If you suspect you have Celiac disease:

  • The disease can cause a wide range of symptoms. You can view a symptom checklist created by the National Foundation for Celiac Awareness here: http://www.doihaveceliac.org
  • Talk with your doctor about your symptoms. To receive a formal diagnosis, you will need to take a blood test. If the test is positive, a doctor will likely perform a biopsy to confirm the presence of damaged intestinal villi. If you are diagnosed with Celiac disease, you can lead a long and healthy life, but you will need to to adopt a gluten-free diet. 

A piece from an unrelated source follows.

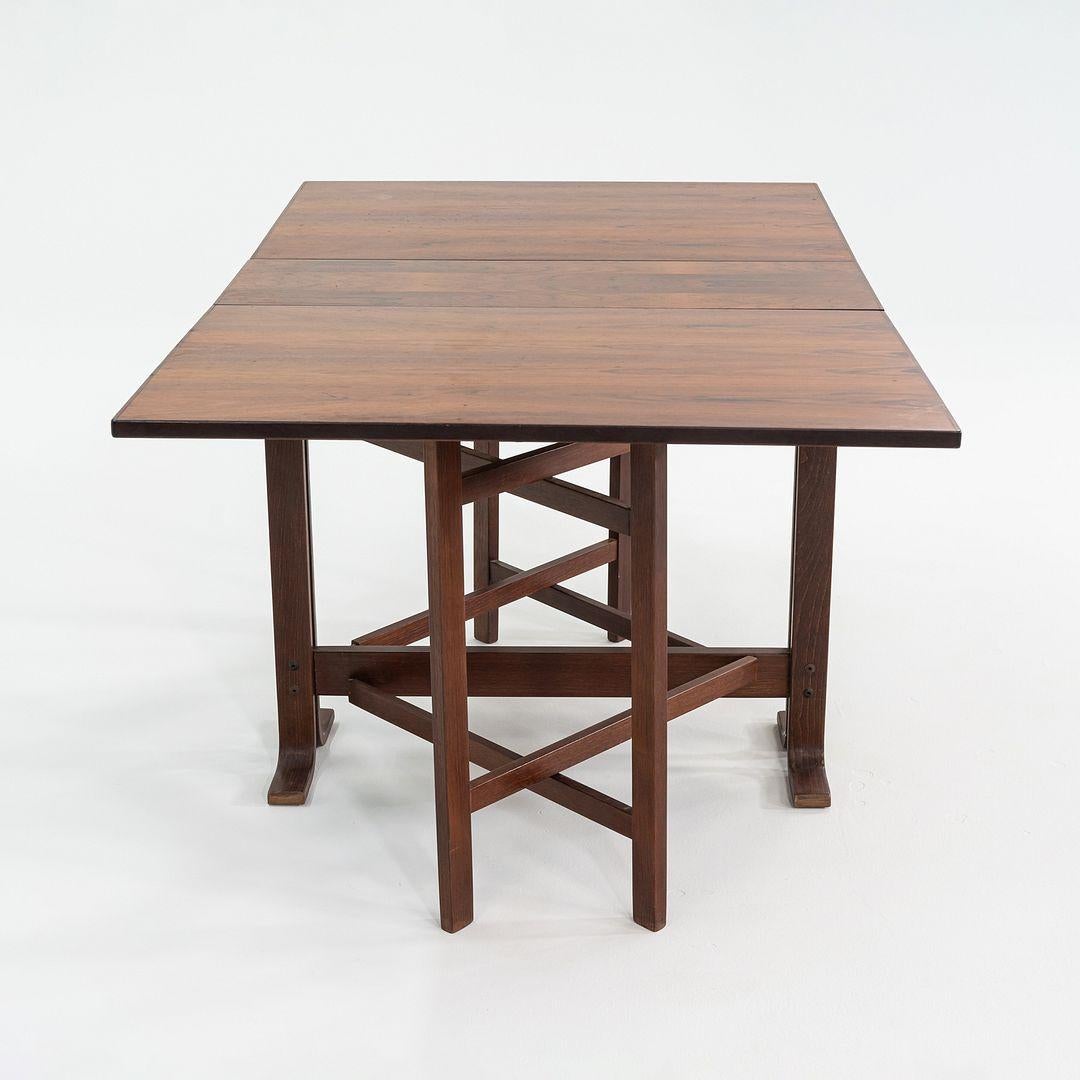 1979 Norwegian Bendt Winge for Kleppe Mobelfabrik Drop Leaf Dining Table In Good Condition For Sale In Philadelphia, PA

  • If you suspect you have non-Celiac gluten sensitivity: Unfortunately, no test can show for sure that you have a gluten sensitivity. But you should try keeping a food and symptom diary, Jerath said. You’ll need to record everything you eat for a set period of time, such as two weeks. You should also note your symptoms. After the record-keeping period is over, look for patterns. If you have a gluten sensitivity, your symptoms should appear in the diary each time you ate gluten. But if you ate gluten and then felt well at any time during the study period, you likely don’t have a gluten sensitivity, Jerath said.